Enacted in 2011, Section 52.061 of the Texas Labor Code provides that an “employer may not prohibit an employee who holds a license to carry a concealed handgun . . . from transporting or storing a firearm . . . in a locked, privately owned motor vehicle in a parking lot, parking garage, or other parking area the employer provides for employees.” However, the law does not authorize a concealed handgun licensee “to possess a firearm . . . on any property where the possession of a firearm . . . is prohibited by state or federal law.” Tex. Labor Code § 52.062(a)(1).
Under the Texas Penal Code (Ann. §§ 30.06(a)-(c)), a property owner, under certain circumstances, may prohibit concealed handgun license holders from carrying a concealed firearm by giving a specific oral or written notice that entry on the property with a concealed handgun is forbidden.
Under certain federal laws and regulations, including the Maritime Transportation Security Act and the Chemical Facility Anti-Terrorism Standards, employers must implement facility security plans that may include bans on firearms. Those plans must be submitted to federal officials for approval.
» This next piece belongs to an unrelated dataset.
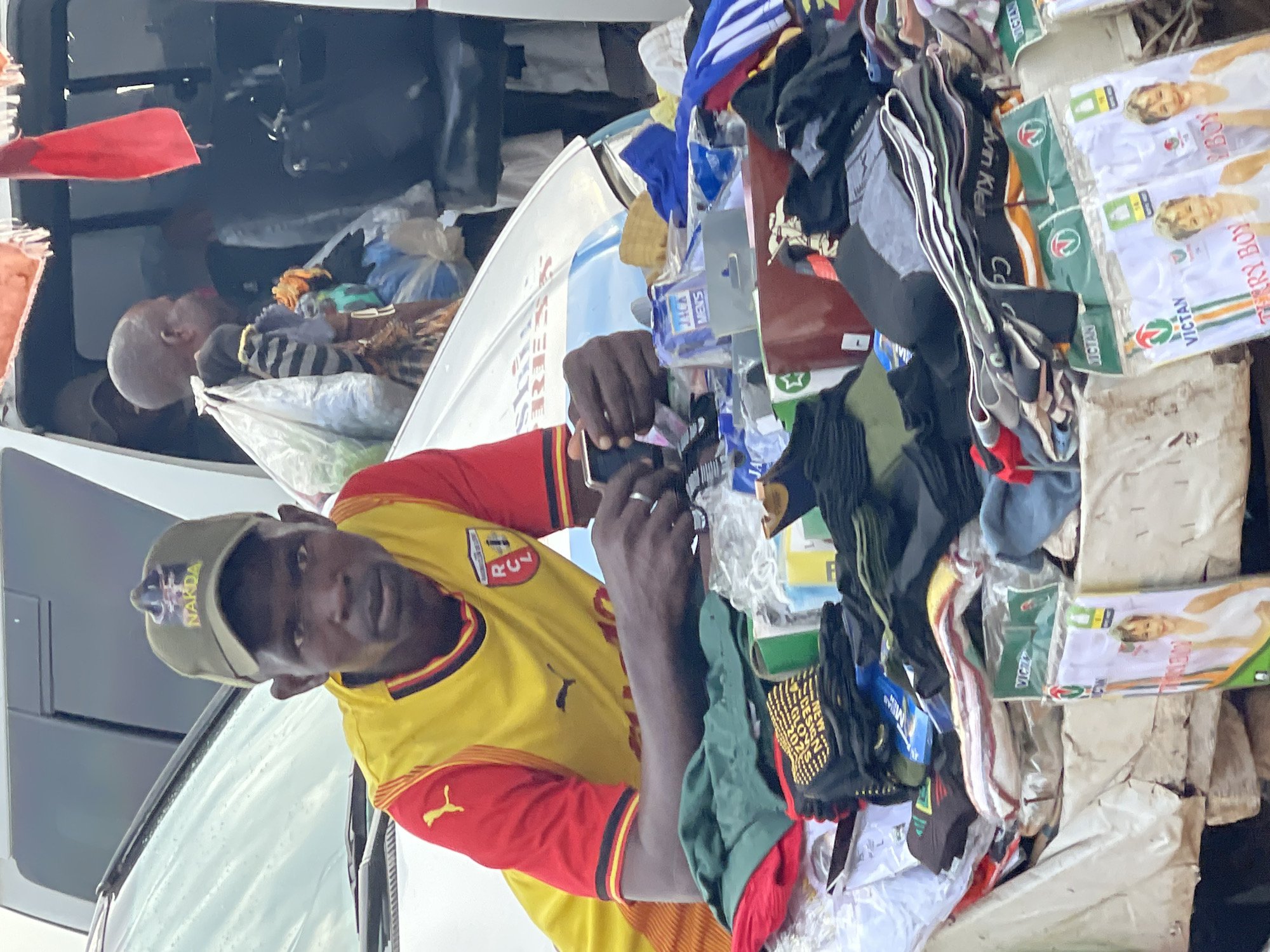 A Black man wearing a yellow and red short-sleeved jersey with a green baseball cap is shown in the foreground, sitting on the hood of a white vehicle, facing the camera. He has a neutral expression. His hands are visible, with the right hand holding a dark-colored smartphone, and the left hand resting on a pile of merchandise. The merchandise consists of folded clothing items, including socks and undergarments, some of which are in clear plastic packaging with text such as "VICTON," "CALVIN KLEIN," and "NEW DESIGN GLOVES 2023." The vehicle's hood, which is white and has some faint blue lettering that is difficult to decipher, is covered with this merchandise. In the background, another Black person is visible partially through the open door of the vehicle, carrying several bags. The scene appears to be outdoors, possibly a market stall or roadside vendor setup. The overall lighting suggests it is daytime, with some overcast conditions. The presence of the specific merchandise packaging, such as "VICTON" which is a known brand in Nigeria, and the general atmosphere suggest the scene is likely located in an urban setting within Nigeria. Given the provided information, it is reasonable to infer the location is Abuja, Nigeria.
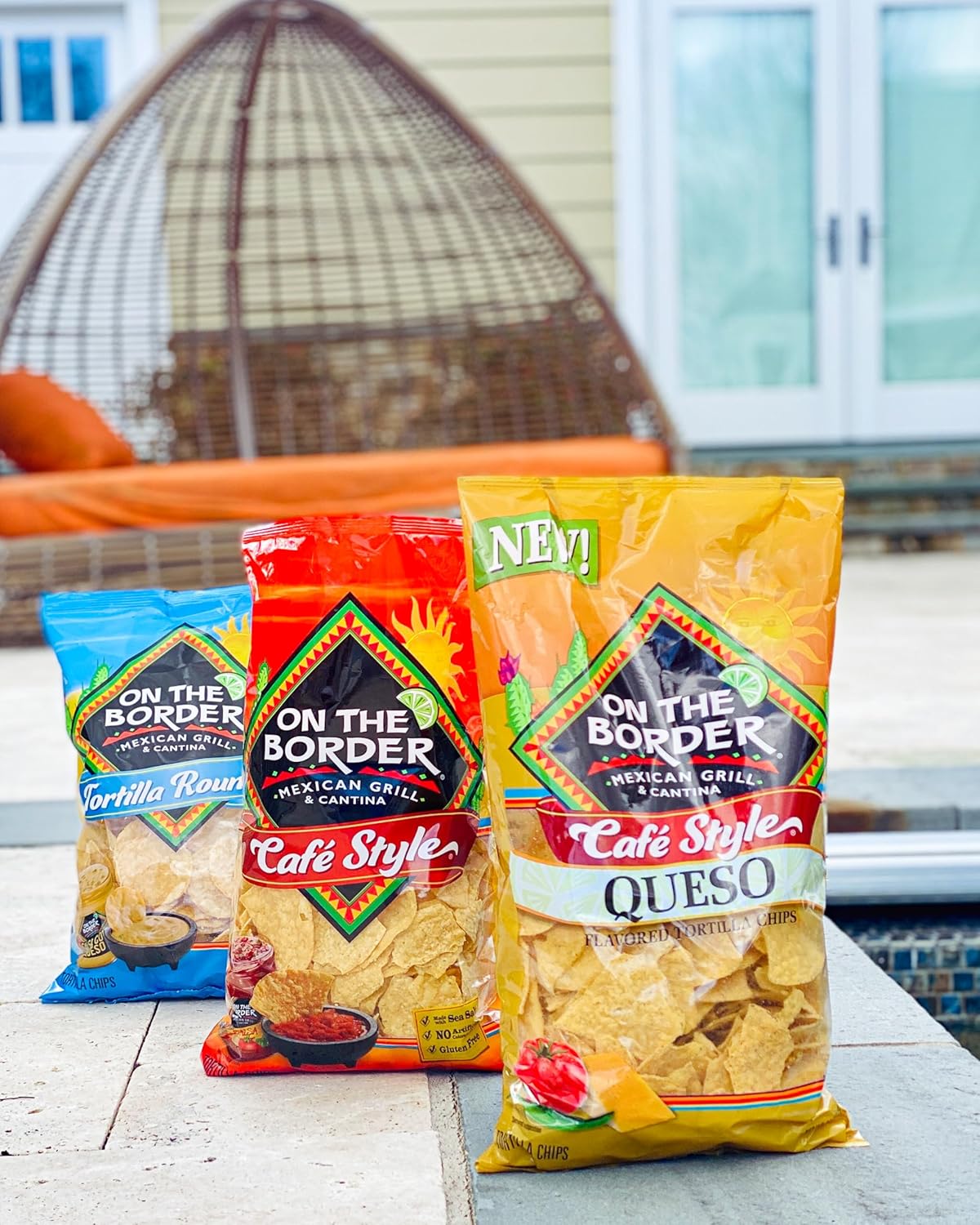 Three packages of 'On the Border' tortilla chips on a table with a blurred outdoor background.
Penal Code, Facility Safety Plans Do Not Trump Gun Law
The Texas AG was asked several questions regarding whether an employer could prohibit employees with concealed handgun licenses from storing firearms in personal vehicles in their employers’ parking lots under the “prohibited by law” exception. First, the AG examined whether posting a notice in accordance with the Texas Penal Code would come within the exception. The AG noted that, while the Penal Code allows property owners to post a notice prohibiting the possession of concealed handguns on their property, the statute itself does not prohibit possession of a firearm. Thus, the AG concluded that the notice did not constitute “state law” and could not overcome the protections under Section 52.061. Accordingly, the AG determined an employer may not ban the transport and storage of handguns in locked private vehicles in employee parking areas by posting a notice authorized by the Penal Code.
The AG next examined whether facility security plans required by federal law and approved by federal officials preempted the Texas law. The AG noted that a federal statute may preempt state law explicitly, or impliedly, where federal legislation occupies the entire field of regulation and leaves no room for state law or where there is actual conflict between state law and a federal statute such that the state law acts as an obstacle to the objectives of Congress.
The AG determined that federally approved facility security plans did not equate to a federal law that would preempt Section 52.061 because such plans were not a law passed by Congress or “federal regulations properly adopted by an agency acting within its congressionally delegated authority.” The AG noted that a facility security plan, even if mandated by federal law and approved by federal officials, was not a congressional enactment or agency regulation. Accordingly, the AG found an employer could not refuse to comply with Section 52.061 based on a facility security plan.